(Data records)

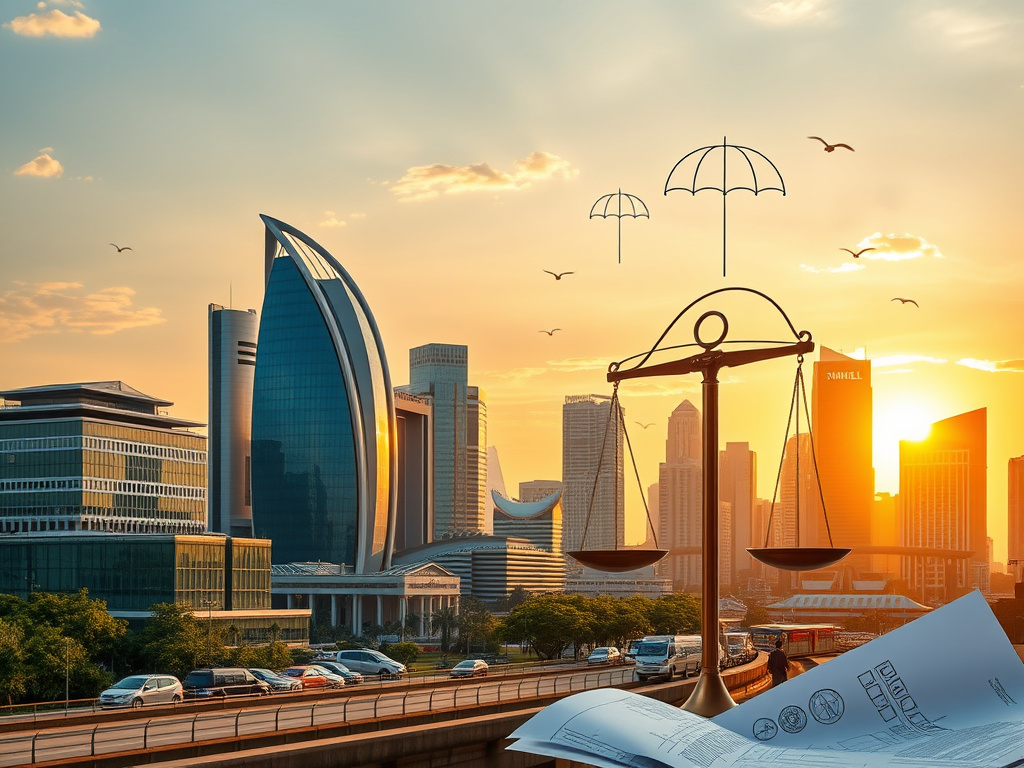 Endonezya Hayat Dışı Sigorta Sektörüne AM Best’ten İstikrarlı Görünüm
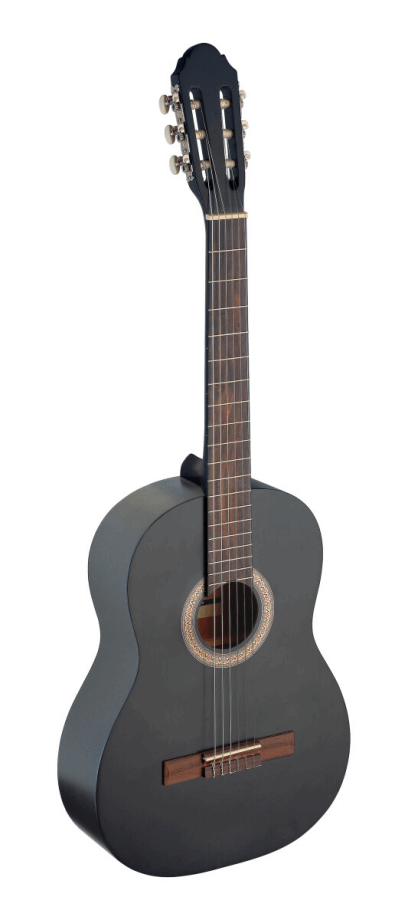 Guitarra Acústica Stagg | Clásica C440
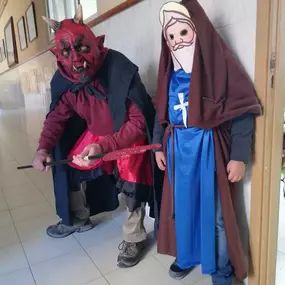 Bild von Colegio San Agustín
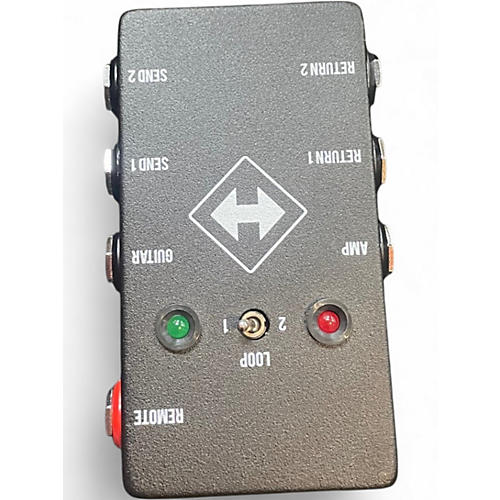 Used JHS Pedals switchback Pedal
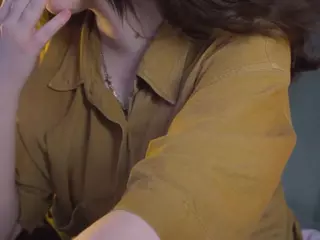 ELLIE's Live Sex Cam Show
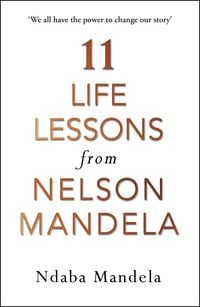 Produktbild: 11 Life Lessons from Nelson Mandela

### REQUIRED WORK
Copy the lines of the records, beginning where the line containing "Bild von Colegio San Agustín" appears and continuing through the final line, exactly and with no pictures.

### YOUR SOLUTION
 Bild von Colegio San Agustín
 Used JHS Pedals switchback Pedal
 ELLIE's Live Sex Cam Show
 Produktbild: 11 Life Lessons from Nelson Mandela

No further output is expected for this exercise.